---------- DATA FOR REVIEW ----------
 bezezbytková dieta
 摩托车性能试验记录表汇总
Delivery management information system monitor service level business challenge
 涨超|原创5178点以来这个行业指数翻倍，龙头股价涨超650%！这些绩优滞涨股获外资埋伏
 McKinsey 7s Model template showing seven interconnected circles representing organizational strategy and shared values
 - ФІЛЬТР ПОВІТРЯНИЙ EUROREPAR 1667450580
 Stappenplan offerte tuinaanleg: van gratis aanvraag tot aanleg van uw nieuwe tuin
----------
---------- DATA FOR REVIEW ----------
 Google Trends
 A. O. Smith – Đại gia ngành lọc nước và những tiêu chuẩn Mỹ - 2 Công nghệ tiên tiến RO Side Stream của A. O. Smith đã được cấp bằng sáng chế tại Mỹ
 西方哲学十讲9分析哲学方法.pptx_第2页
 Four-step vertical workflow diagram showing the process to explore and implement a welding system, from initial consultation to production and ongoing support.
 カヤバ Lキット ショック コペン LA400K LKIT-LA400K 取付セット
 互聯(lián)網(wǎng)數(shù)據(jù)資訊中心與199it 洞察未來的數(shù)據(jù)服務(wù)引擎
----------
---------- DATA FOR REVIEW ----------
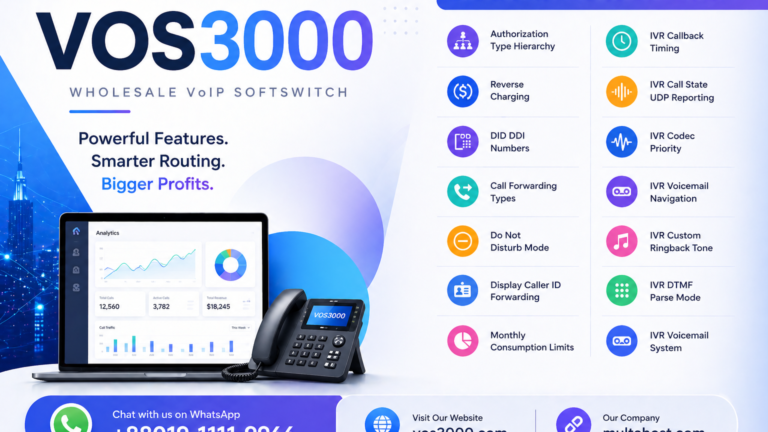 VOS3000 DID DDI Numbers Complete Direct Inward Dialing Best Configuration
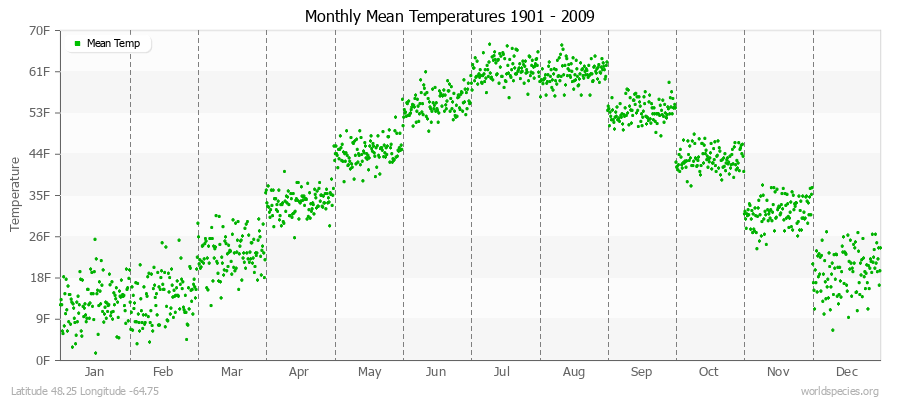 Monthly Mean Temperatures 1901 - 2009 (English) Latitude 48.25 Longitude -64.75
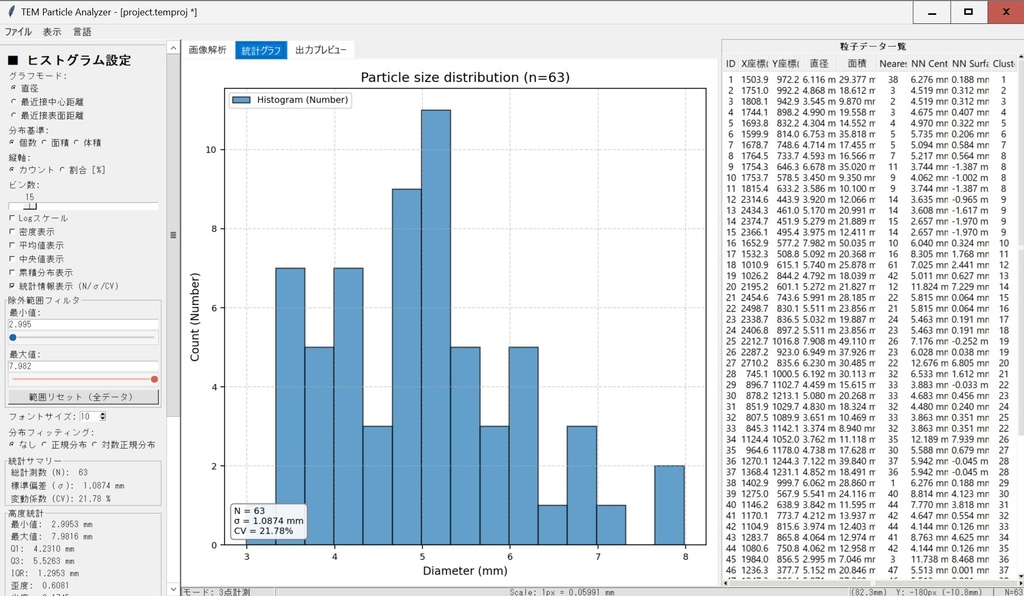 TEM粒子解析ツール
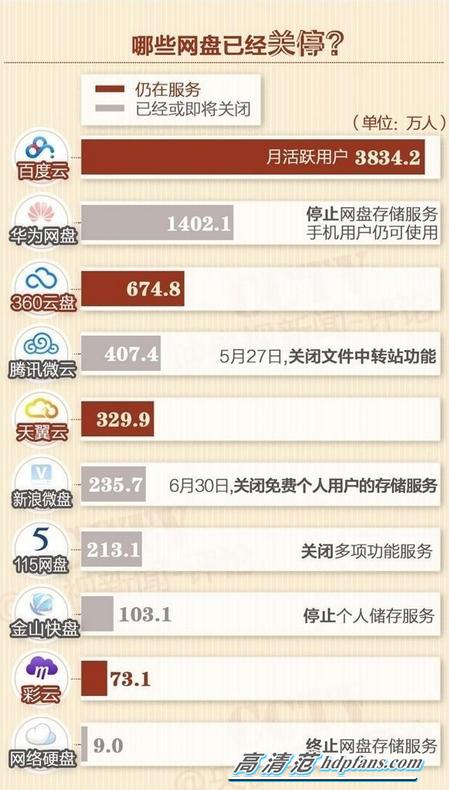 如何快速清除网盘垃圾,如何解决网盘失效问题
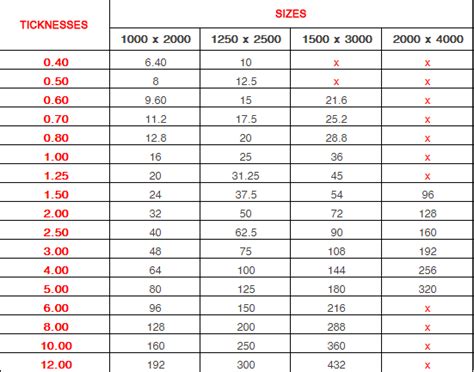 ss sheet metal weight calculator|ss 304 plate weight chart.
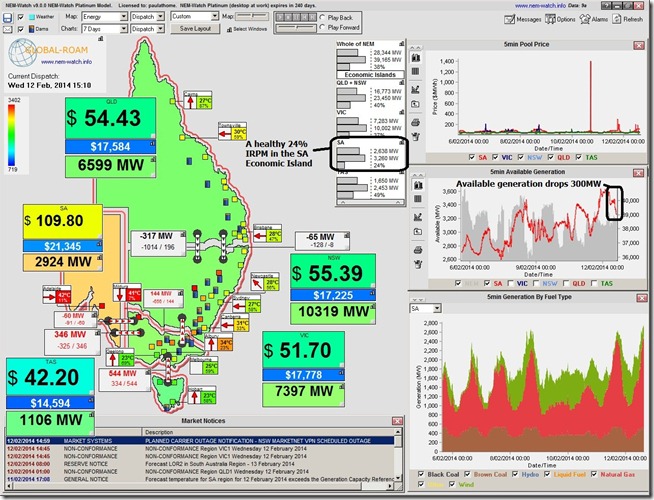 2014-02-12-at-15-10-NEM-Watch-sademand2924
----------
WHAT YOU WILL DO =
Scan the data above for the string "showing" and copy each line where it appears.

ANSWER TO THIS PROBLEM =
 McKinsey 7s Model template showing seven interconnected circles representing organizational strategy and shared values
 Four-step vertical workflow diagram showing the process to explore and implement a welding system, from initial consultation to production and ongoing support.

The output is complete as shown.